Transcribe the records below in full; pictures stay out of the copy.

━━━

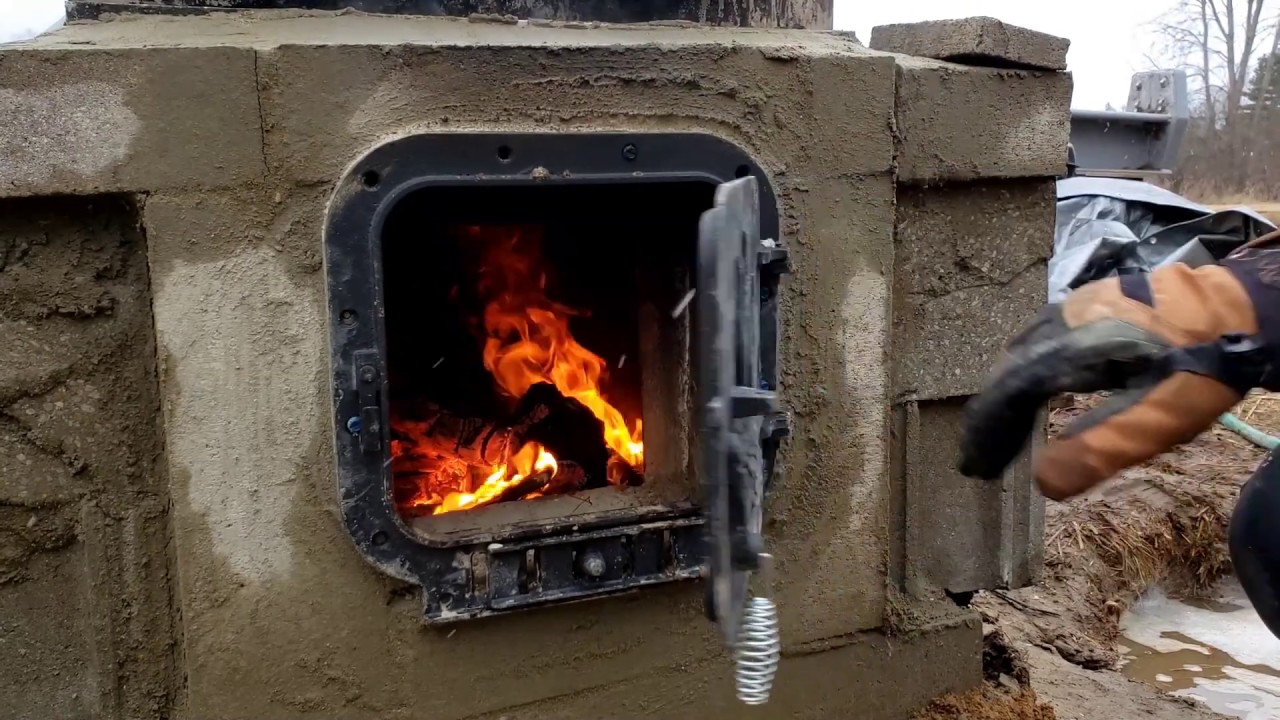 Cinder Block Evaporator - A mild success - YouTube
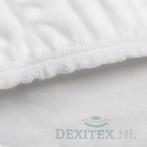 Textielpakket Queensbed - 1 molton met 2 jersey hoeslakens, Verzenden, Nieuw, Wit, Overige typen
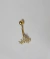 Banana Bell Folheado a Ouro Detalhe Cluster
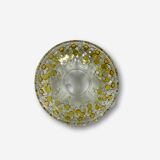 Thick glass plate compartmentalized decorating yellow bubbles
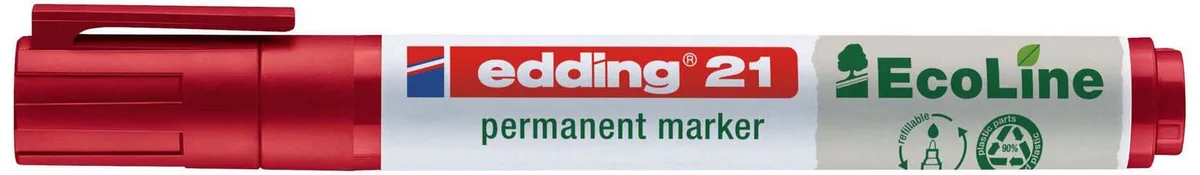 edding 21 Permanentmarker 1.5 - 3.0 mm Rot från edding – produktbild
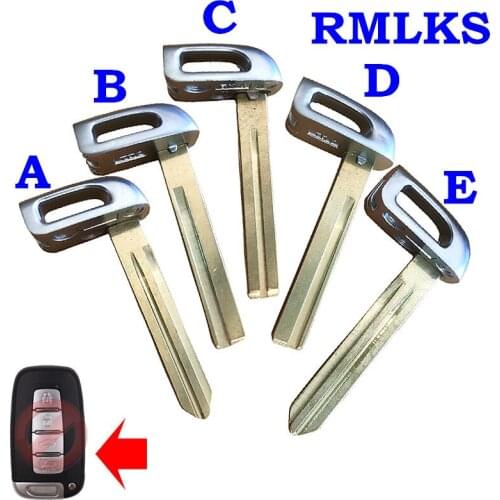 RMLKS Replacement Smart Emergency Key Blade Fit For Hyundai Elantra IX35 Sonata 8 for Kia K2 K5 Sportage Forte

━━━

Task result ->
 Cinder Block Evaporator - A mild success - YouTube
 Textielpakket Queensbed - 1 molton met 2 jersey hoeslakens, Verzenden, Nieuw, Wit, Overige typen
 Banana Bell Folheado a Ouro Detalhe Cluster
 Thick glass plate compartmentalized decorating yellow bubbles
 edding 21 Permanentmarker 1.5 - 3.0 mm Rot från edding – produktbild
 RMLKS Replacement Smart Emergency Key Blade Fit For Hyundai Elantra IX35 Sonata 8 for Kia K2 K5 Sportage Forte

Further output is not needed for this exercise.